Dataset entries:
-----
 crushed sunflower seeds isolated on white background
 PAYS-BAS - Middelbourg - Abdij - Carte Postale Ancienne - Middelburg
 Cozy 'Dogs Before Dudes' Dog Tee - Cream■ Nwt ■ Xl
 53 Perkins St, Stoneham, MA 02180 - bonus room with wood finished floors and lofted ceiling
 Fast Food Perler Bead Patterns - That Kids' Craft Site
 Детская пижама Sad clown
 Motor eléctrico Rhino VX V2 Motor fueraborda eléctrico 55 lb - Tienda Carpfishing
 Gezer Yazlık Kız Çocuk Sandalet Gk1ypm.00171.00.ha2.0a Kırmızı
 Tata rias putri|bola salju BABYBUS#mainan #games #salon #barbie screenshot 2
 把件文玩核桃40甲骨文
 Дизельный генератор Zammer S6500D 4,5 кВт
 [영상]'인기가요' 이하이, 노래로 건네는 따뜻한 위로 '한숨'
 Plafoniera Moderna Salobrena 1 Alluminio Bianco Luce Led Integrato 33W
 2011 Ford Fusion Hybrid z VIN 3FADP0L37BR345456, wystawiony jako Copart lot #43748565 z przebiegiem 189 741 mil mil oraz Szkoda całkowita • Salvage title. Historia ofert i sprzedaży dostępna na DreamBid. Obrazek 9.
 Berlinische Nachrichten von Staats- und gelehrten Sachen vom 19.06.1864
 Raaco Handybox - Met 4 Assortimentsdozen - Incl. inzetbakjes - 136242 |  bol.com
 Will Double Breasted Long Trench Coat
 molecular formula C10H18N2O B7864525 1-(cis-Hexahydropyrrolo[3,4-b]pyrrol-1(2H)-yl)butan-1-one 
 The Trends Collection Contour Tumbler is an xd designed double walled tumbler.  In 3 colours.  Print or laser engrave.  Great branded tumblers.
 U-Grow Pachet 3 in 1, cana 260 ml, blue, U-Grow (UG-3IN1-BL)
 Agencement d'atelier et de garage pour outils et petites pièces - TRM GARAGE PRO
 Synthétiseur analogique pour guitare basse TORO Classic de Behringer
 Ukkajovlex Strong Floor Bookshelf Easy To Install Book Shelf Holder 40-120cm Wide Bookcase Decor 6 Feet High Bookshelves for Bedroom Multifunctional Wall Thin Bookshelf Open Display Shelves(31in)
-----
*WHAT TO WORK ON*
Reproduce each entry exactly, leaving out nothing.

*SOLUTION FOR THIS TASK*
 crushed sunflower seeds isolated on white background
 PAYS-BAS - Middelbourg - Abdij - Carte Postale Ancienne - Middelburg
 Cozy 'Dogs Before Dudes' Dog Tee - Cream■ Nwt ■ Xl
 53 Perkins St, Stoneham, MA 02180 - bonus room with wood finished floors and lofted ceiling
 Fast Food Perler Bead Patterns - That Kids' Craft Site
 Детская пижама Sad clown
 Motor eléctrico Rhino VX V2 Motor fueraborda eléctrico 55 lb - Tienda Carpfishing
 Gezer Yazlık Kız Çocuk Sandalet Gk1ypm.00171.00.ha2.0a Kırmızı
 Tata rias putri|bola salju BABYBUS#mainan #games #salon #barbie screenshot 2
 把件文玩核桃40甲骨文
 Дизельный генератор Zammer S6500D 4,5 кВт
 [영상]'인기가요' 이하이, 노래로 건네는 따뜻한 위로 '한숨'
 Plafoniera Moderna Salobrena 1 Alluminio Bianco Luce Led Integrato 33W
 2011 Ford Fusion Hybrid z VIN 3FADP0L37BR345456, wystawiony jako Copart lot #43748565 z przebiegiem 189 741 mil mil oraz Szkoda całkowita • Salvage title. Historia ofert i sprzedaży dostępna na DreamBid. Obrazek 9.
 Berlinische Nachrichten von Staats- und gelehrten Sachen vom 19.06.1864
 Raaco Handybox - Met 4 Assortimentsdozen - Incl. inzetbakjes - 136242 |  bol.com
 Will Double Breasted Long Trench Coat
 molecular formula C10H18N2O B7864525 1-(cis-Hexahydropyrrolo[3,4-b]pyrrol-1(2H)-yl)butan-1-one 
 The Trends Collection Contour Tumbler is an xd designed double walled tumbler.  In 3 colours.  Print or laser engrave.  Great branded tumblers.
 U-Grow Pachet 3 in 1, cana 260 ml, blue, U-Grow (UG-3IN1-BL)
 Agencement d'atelier et de garage pour outils et petites pièces - TRM GARAGE PRO
 Synthétiseur analogique pour guitare basse TORO Classic de Behringer
 Ukkajovlex Strong Floor Bookshelf Easy To Install Book Shelf Holder 40-120cm Wide Bookcase Decor 6 Feet High Bookshelves for Bedroom Multifunctional Wall Thin Bookshelf Open Display Shelves(31in)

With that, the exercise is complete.